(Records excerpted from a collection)
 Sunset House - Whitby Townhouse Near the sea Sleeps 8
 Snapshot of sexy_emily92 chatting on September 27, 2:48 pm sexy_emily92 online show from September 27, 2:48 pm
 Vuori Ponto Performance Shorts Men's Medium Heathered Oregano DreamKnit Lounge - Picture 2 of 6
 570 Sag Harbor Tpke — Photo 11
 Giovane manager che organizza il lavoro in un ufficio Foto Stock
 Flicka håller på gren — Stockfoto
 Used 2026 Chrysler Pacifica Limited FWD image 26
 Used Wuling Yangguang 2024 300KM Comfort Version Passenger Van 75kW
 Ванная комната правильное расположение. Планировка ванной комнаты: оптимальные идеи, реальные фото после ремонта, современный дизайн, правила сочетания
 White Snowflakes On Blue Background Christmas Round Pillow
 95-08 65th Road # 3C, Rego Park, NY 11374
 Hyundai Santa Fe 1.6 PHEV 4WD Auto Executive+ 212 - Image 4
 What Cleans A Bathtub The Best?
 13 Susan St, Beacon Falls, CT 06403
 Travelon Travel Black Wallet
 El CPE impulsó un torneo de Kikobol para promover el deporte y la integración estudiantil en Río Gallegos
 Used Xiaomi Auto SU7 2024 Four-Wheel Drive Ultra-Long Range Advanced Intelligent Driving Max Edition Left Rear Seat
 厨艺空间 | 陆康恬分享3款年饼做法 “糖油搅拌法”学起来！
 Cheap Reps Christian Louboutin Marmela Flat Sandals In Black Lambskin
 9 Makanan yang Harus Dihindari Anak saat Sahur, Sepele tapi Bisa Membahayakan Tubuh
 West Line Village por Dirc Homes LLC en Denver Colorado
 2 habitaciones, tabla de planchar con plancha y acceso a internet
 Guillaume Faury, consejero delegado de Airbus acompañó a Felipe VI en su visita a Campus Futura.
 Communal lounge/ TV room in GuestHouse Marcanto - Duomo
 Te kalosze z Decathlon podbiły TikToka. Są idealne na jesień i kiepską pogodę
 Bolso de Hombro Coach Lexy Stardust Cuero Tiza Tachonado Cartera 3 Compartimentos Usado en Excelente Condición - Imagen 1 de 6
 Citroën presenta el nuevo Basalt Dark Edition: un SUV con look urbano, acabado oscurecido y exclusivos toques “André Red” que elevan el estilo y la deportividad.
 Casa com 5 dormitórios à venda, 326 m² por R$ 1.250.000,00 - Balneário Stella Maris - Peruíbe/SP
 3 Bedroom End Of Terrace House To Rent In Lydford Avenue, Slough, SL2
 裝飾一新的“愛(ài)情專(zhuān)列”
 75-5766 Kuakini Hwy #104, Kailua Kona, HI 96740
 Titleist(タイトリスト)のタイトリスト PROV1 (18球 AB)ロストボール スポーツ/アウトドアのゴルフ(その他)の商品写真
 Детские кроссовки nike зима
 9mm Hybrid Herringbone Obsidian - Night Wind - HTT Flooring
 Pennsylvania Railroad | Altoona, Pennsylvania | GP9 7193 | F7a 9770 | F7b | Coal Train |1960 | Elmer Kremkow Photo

**EXERCISE GOAL:** For this exercise, output exactly the lines above from the line with "Snapshot of sexy_emily92" to the line with "570 Sag Harbor Tpke — Photo 11", counting both, and leave out the rest.

**ANSWER TO THIS PROBLEM:**
 Snapshot of sexy_emily92 chatting on September 27, 2:48 pm sexy_emily92 online show from September 27, 2:48 pm
 Vuori Ponto Performance Shorts Men's Medium Heathered Oregano DreamKnit Lounge - Picture 2 of 6
 570 Sag Harbor Tpke — Photo 11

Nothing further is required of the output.